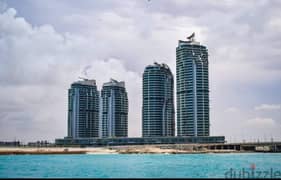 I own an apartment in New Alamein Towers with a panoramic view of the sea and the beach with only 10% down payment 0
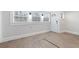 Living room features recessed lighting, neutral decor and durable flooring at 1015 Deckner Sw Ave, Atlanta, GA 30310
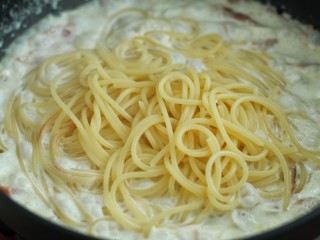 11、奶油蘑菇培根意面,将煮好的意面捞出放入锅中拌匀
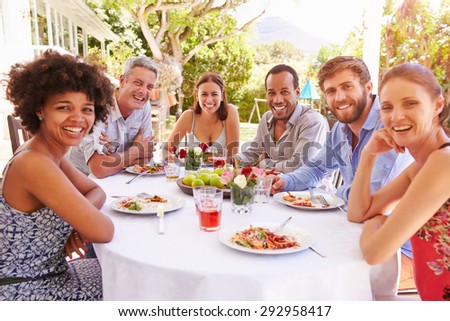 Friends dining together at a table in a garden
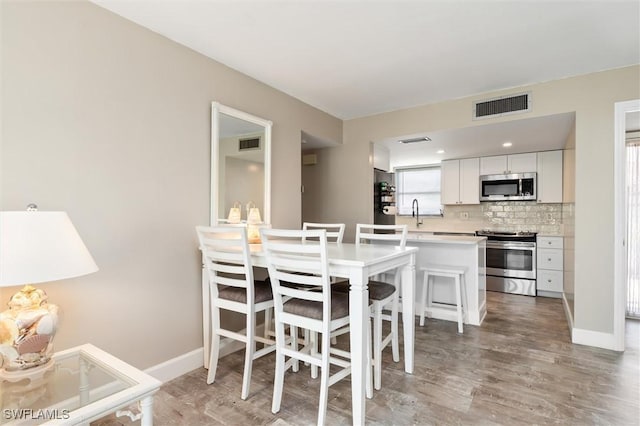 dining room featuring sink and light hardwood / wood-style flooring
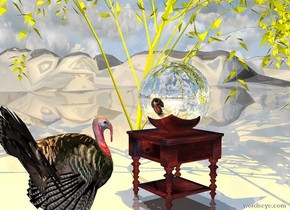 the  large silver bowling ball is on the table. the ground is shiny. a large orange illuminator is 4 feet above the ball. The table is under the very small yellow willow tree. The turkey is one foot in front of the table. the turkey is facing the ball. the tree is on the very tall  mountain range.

════════════════════

WHAT IS REQUIRED - The data above should be repeated in full and exactly, with no pictures carried over.

RESPONSE FOR THIS EXERCISE -
 I own an apartment in New Alamein Towers with a panoramic view of the sea and the beach with only 10% down payment 0
 Living room features recessed lighting, neutral decor and durable flooring at 1015 Deckner Sw Ave, Atlanta, GA 30310
 11、奶油蘑菇培根意面,将煮好的意面捞出放入锅中拌匀
 Friends dining together at a table in a garden
 dining room featuring sink and light hardwood / wood-style flooring
 the  large silver bowling ball is on the table. the ground is shiny. a large orange illuminator is 4 feet above the ball. The table is under the very small yellow willow tree. The turkey is one foot in front of the table. the turkey is facing the ball. the tree is on the very tall  mountain range.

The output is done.